• The Skeleton in Armour

    One pretty mystery which rivals the Borden case is that of the Skeleton in Armour found near Hartwell St., just around the corner from the Borden house.  Who was he and how did he come to be buried there and when?  All that remains of him now are a few bits of metal tubing which may have been an adornment, buried in the inventory of the historical society.  He is immortalized in poem by the great Longfellow who was visiting his Unitarian preacher brother Samuel in Fall River, while on the way to Newport when he heard of the mystery and was inspired to write about it.  Read all about it at the link skeletoninarmor

    NEARA Journal, VOLUME VIII, No. 2, Summer 1973, page 36. (excerpt)

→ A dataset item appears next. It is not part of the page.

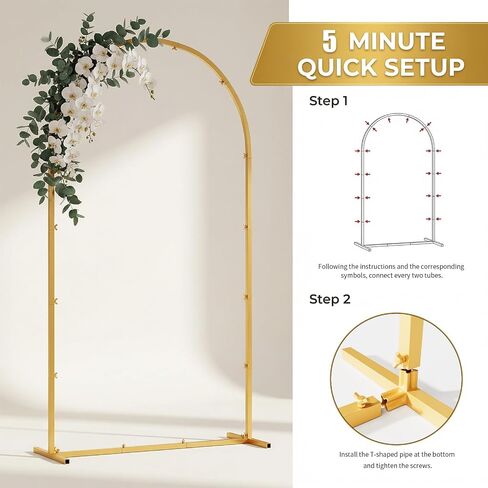 7.2FT Metal Arch Backdrop Stand and Cover Set, Gold Arch Stand with Cover, Easy to Assemble, Pretty Wedding Arch for Birthday Party, Wedding Ceremony and Baby Shower in Kuwait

    Almost every book or article relating to pre-Columbian contacts with New England makes reference to the “Skeleton in Armor” found near Fall River, Massachusetts, in the early 1830’s.  While there is little or no evidence to support any assertion that the “armor” was anything else but late 16th century or early 17th century brass plates and tubes for personal adornment, supplied to the Indians by Elizabethan-era traders, NEARA readers will doubtless welcome having available for their files the following complete text of the first published account of the discovery.  It. appeared in Vol. III of the “American Magazine”, Boston, 1837, and was written by John Stark of Galena, Illinois, who was interested in the Indian mounds and other American antiquities. Two years later, in 1839, the account was reprinted in John Warner Barber’s “Historical Collections of Massachusetts” (Dorr, Howland & Co., Worcester) from which we have retyped it:
        ANDREW E. ROTHOVIUS

    “These remains were found in the town of Fall River, in Bristol county, Massachusetts. about three years since.  In digging down a hill near the village a large mass of earth slid off leaving in the bank, and partially uncovered. a human skull, which on examination was found to belong to a body buried in a sitting posture; the head being about one foot below what had been for many years the surface of the ground. The surrounding earth was carefully removed, and the body found to be enveloped in a covering of coarse bark of a dark color.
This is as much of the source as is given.